Tuesday, February 15, 2011

California's Tech Boom and "Bifurcated Recovery"

1. "California's Silicon Valley is Hiring Again" -- "Silicon Valley is starting to pop again. Green tech is alive, as is anything in social networking. Venture capitalists are investing. Google is hiring 2,000 workers this year; Facebook is moving into new quarters with room for hundreds of additional employees.

"We've got a lot of recruiting to do," said Dena Quinn, facilities manager at Skype's Palo Alto office. The Internet phone company will hire 280 workers in Palo Alto this year, more than doubling its Silicon Valley employment."

2. San Diego Tech Companies Can't Fill Thousands of Jobs -- "Even though the jobless rate continues to hover in the double digits, there are literally thousands of high-paid job openings in San Diego County just waiting for the applicants with the right skills, according to the leaders of the local high-tech community.

But they say that finding those applicants can be a challenge, partly because of the area’s high cost of living and the lingering perception that San Diego’s more of a beach town than a Silicon Valley South."

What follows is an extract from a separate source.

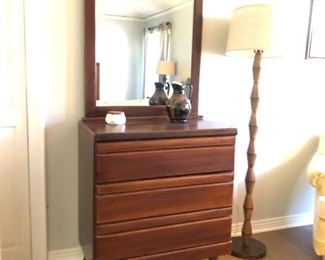 MCM dresser with mirror.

3. "While overall California home sales declined last year, the number of homes that sold for $1 million or more in 2010 rose for the first time in five years as certain segments of the economy improved and high-end home shoppers went bargain hunting.  Last year 22,529 Golden State homes sold for $1 million or more. That was up 21.0 percent from 18,621 in 2009 and the highest since 2008, when 24,436 homes sold for $1 million-plus, according to San Diego-based DataQuick Information Systems. Million-dollar sales peaked in 2005 at 54,773, after which they declined each year through 2009."

HT: Steve Bartin at Newsalert for the first two stories. 

4 Comments:

At 2/15/2011 10:29 AM, Blogger Sean said...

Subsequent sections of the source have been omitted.